*** Opening of STORED DATA ***

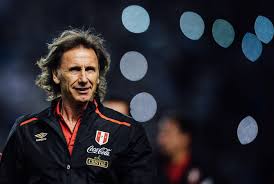 Maybe you would like to learn more about one of these? Ricardo El Tigre Gareca De Villano A Heroe Revista Cabala Revista Cabala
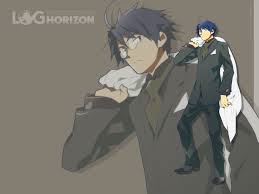 Siapa Kamu Di Anime Log Horizon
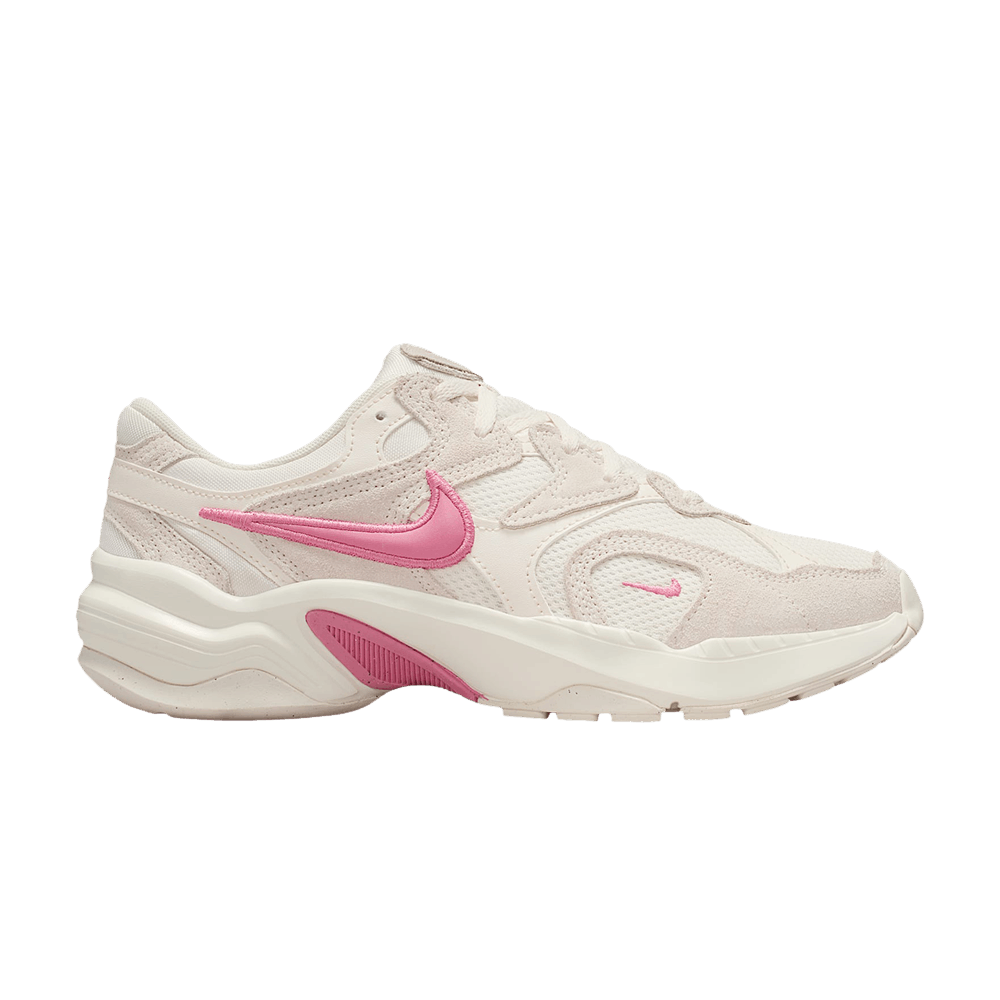 NIKE AL8 CHALK PALE IVORY PEONY (WOMEN&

*** Close of STORED DATA ***

**EXERCISE INSTRUCTIONS:**
Only the listing above, set down exactly and without pictures, belongs in the answer.

**OUTPUT OF THE TASK:**
 Maybe you would like to learn more about one of these? Ricardo El Tigre Gareca De Villano A Heroe Revista Cabala Revista Cabala
 Siapa Kamu Di Anime Log Horizon
 NIKE AL8 CHALK PALE IVORY PEONY (WOMEN&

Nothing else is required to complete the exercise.